T was a 9th-century parchment manuscript. It was already fragmentary when, at some point before writing his Adversaria, Turnebus obtained access to it, collated its variants, and apparently entered them as marginalia in a printed edition of Plautus in his possession. It is to this collation that he refers in the Adversaria when quoting some of its readings for Asinaria, Captivi, Casina, Curculio, Mostellaria, Poenulus, Pseudolus, Rudens, and Stichus. But Turnebus is never very clear about T. He constantly changes the words he uses to describe it, using such vague and varied expressions as antiqua volumina, antiqua scriptura, chartae, libri veteres, membranae, optimus liber, pergamenae, schedae, vetus liber, vetera exemplaria, and so on. It is obvious that some of these expressions could refer to other manuscripts or to printed editions—this is of course a common problem in dealing with humanist scholars (see Silvia Rizzo’s Lessico filologico degli umanisti [Rome, 1973], rightly often cited by Clementi)—and it means we risk attributing to T readings that it did not contain.
That is not all. In 1898 W. M. Lindsay announced that he had discovered a new collation of T in the margins of a book in the Bodleian library; or, more precisely, he had discovered a flawed transcript of Turnebus’s original collation of T.1 Moreover, these two sources—Turnebus’s quotations and this new collation—supplemented each other. As Lindsay recognized, however, this new collation was larded with worthless variants from another source, and it is not always clear which are which; and there are a number of other problems as well.
Since Clementi presupposes familiarity with Lindsay’s arguments, which for reasons both historical and stylistic are no longer easy to follow, I summarize them here, taking this opportunity—missed by Clementi—to at last assign sigla to the various sources and place them in a stemma. I begin by reserving the name T for the lost codex Turnebi itself, suggesting t for “Turnebus’s collation of T,” and τ for “Turnebus’s references to T in the Adversaria“.

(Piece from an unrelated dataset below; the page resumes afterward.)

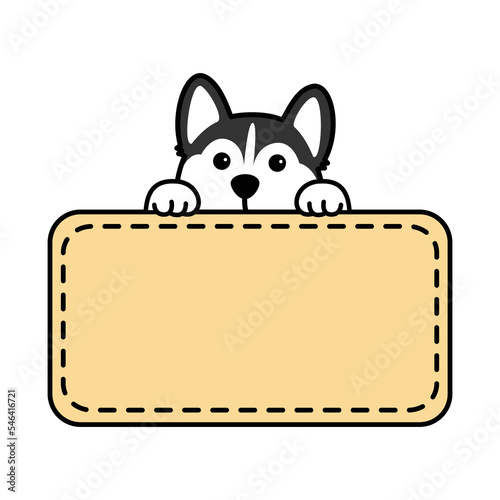 Cute siberian husky dog with frame border template cartoon, vector illustration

Lindsay’s new collation is more complicated. I designate the printed edition of Plautus in the Bodleian Library (the “Oxford Gryphius”) that contains it ” γ,” and the entire mass of the variants in its margins, from any source, the ” γ marginalia”. Later copies of these γ marginalia also exist, but they are merely transcripts of γ itself and relatively inconsequential.2
All the γ marginalia that record only a single variant reading go back to an unimportant manuscript now in the British Library (“the Burney MS” or “MS Burneianus”), which I designate β.3 For our purposes neither β itself nor these single variants in γ that come from it are of any positive interest—this is the lard that I referred to earlier.
Sometimes the γ marginalia offer two variants on the text, sporadically distinguished by one of two marks indicating provenance.4 Those marked poict. go back to β and are more lard.
The other variants, sporadically marked dr. (or do. or du.), are the valuable “new collation” of T. I designate them δ, for François D(o)uaren (1509-1559), the Frenchman who added them to γ’s margins.5 His source was not T directly, but the collation I call t, which he may have obtained from Turnebus himself.
T: the lost codex Turnebi, for our purposes the Holy Grail
t : Turnebus’s collation of T
β : the Burney manuscript, of value only in identifying γ marginalia as non- δ
γ : the Oxford Gryphius volume annotated by Duaren
δ : Duaren’s marginalia in γ that go back to T
τ : Turnebus’s citations of T in the Adversaria, made from t
Our two sources of T are thus τ and δ, and, as noted above, they are not coextensive: we have τ for the nine different plays listed above ( Asinaria – Stichus), whereas δ are available only for parts of Bacchides, Persa, Poenulus, Pseudolus, and Rudens —but in these latter plays, δ contains some variants where τ is silent. This situation would be ideal for supplementing our knowledge of T, except that—and herein lie two massive problems—(1) τ itself sometimes seems to misquote T, and (2) Duaren evidently did a poor job of transcribing Turnebus’s collation, so that δ is not always a reliable guide to T, either. Among the more salient problems with δ is the difficulty in determining what exactly constitutes a δ variant—are these any variants in γ not found in β ? More troubling, in many places δ -readings are missing where τ implies we should find them, and most worrisome of all, in many other places δ and τ are actually contradictory.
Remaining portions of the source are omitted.